Responding to a question on whether Tinubu would violate Section 38 of the CBN Act on the Ways & Means window of the apex bank to lend to the government, Edun explained that as far as there was a threshold, Tinubu would not violate the limit.

“As far as Ways and Means is concerned, there is a law. He (Tinubu) intends to stick to it. He will stick to the spirit and letters of the CBN regulations,” the presidential aide said

Meanwhile, the World Bank Group (WBG) has approved an additional $500 million loan for Nigeria to help improve the livelihood of women in Nigeria.

Announcing the latest loan in a statement, the World Bank stated: “The World Bank has approved $500 million for Nigeria for Women Program Scale Up (NFWP-SU). The scale-up financing will further support the government of Nigeria to invest in improving the livelihoods of women in Nigeria.

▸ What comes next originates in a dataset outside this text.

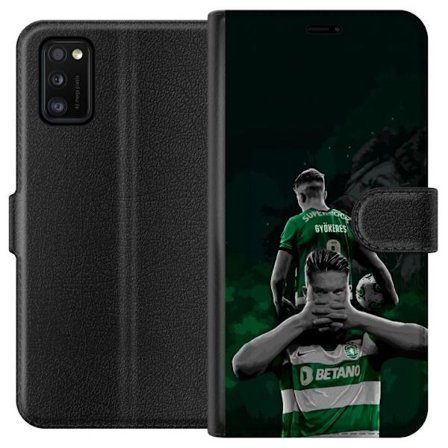 Yhteensopiva Lompakkokotelo Samsung Galaxy A41 Neonmotiivi, jossa teksti "Gaming is in my DNA" sinisenä ja punaisena tiiliseinällä, jossa loistava DNA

“The NFWP-SU will help to ensure better economic opportunities for women which is essential for addressing gender inequality; guaranteeing better education, health, and nutrition outcomes for families; and building women’s and communities’ resilience to climate change.”

The World Bank noted that women’s empowerment was vital to their ability to build resilience to climate change, and by extension their households and communities.

According to the bank, by building assets, women could better respond to family needs and mitigate risks and the effects of climate and other shocks on livelihoods, adding that gender disparities in earnings hold back the Nigerian economy.

The statement quoted Chaudhuri, as saying: “We have seen promising outcomes from the parent NFWP which has helped to create economic opportunities for thousands of rural women through the Women Affinity Groups. NFWP’s model is helping to improve livelihood opportunities for women and enhancing their capacity to adapt to climate change and participating in local administrations for policymaking related to community empowerment.

“Closing the gender gap in key economic sectors could yield gains of between $9.3 billion and $22.9 billion, we are optimistic that this scale-up will help Nigeria to move closer to bridging this gap.”

Task Team Leader for Nigeria for Women Project, Michael Ilesanmi commented: “The programme aims to mobilise poor and vulnerable women into different institutions and, using these institutional platforms, link them to markets as well as financial and non-financial services.

“Through participation in Women Affinity Groups, project beneficiaries build social capital that can then be leveraged to access financial, political, and economic capital–thus leading to both social and economic empowerment.”